Ing. Jiří Nádvorník

Publikace

HiSS-Cube: A scalable framework for Hierarchical Semi-Sparse Cubes preserving uncertainties

Autoři
Nádvorník, J.; Škoda, P.; Tvrdík, P.
Rok
2021
Publikováno
Astronomy and Computing. 2021, 36 ISSN 2213-1337.
Typ
Článek
Anotace
A wide variety of approaches are available for big data cube visualization and analysis. However, few exploit the power of array databases and none preserve the scientific uncertainties in measurements when constructing lower resolutions. In machine learning applications, we often need to rapidly search data for regions of interest and then focus on these areas, but without having to retrain the model every time we change the resolution. However, the reliable verification of these areas also requires details of the accuracy of the measured values. In this study, we developed a new software infrastructure called Hierarchical Semi-Sparse Cube (HiSS-Cube) based on Hierarchical Data Format version 5. HiSS-Cube enables visualization and machine learning using combined heterogeneous data and it was designed to be scalable for big data.
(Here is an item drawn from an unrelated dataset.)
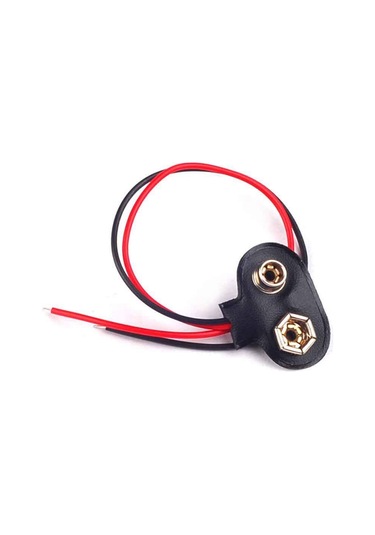 10 Adet 9V Pil Başlığı Bağlantı Kablosu 165 MM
HiSS-Cube allows data from multiple domains (imaging, spectral, and timeseries data) to be combined and the construction of a multi-resolution semi-sparse data cube that preserves the uncertainties of scientific measurement at all resolutions. The functionality of HiSSCube was verified based on a subset of the Sloan Digital Sky Survey Stripe 82 survey. We compared the times and volumes for visualizations and machine learning data exported to HiSS-Cube and the original format (FITS). Using these data, we demonstrated that HiSS-Cube is faster by several orders of magnitude. HiSS-Cube supports export to the VOTable format and it is compatible with common Virtual Observatory tools. The source code for our prototype HiSS-Cube is available from GitHub and the data are available from Zenodo.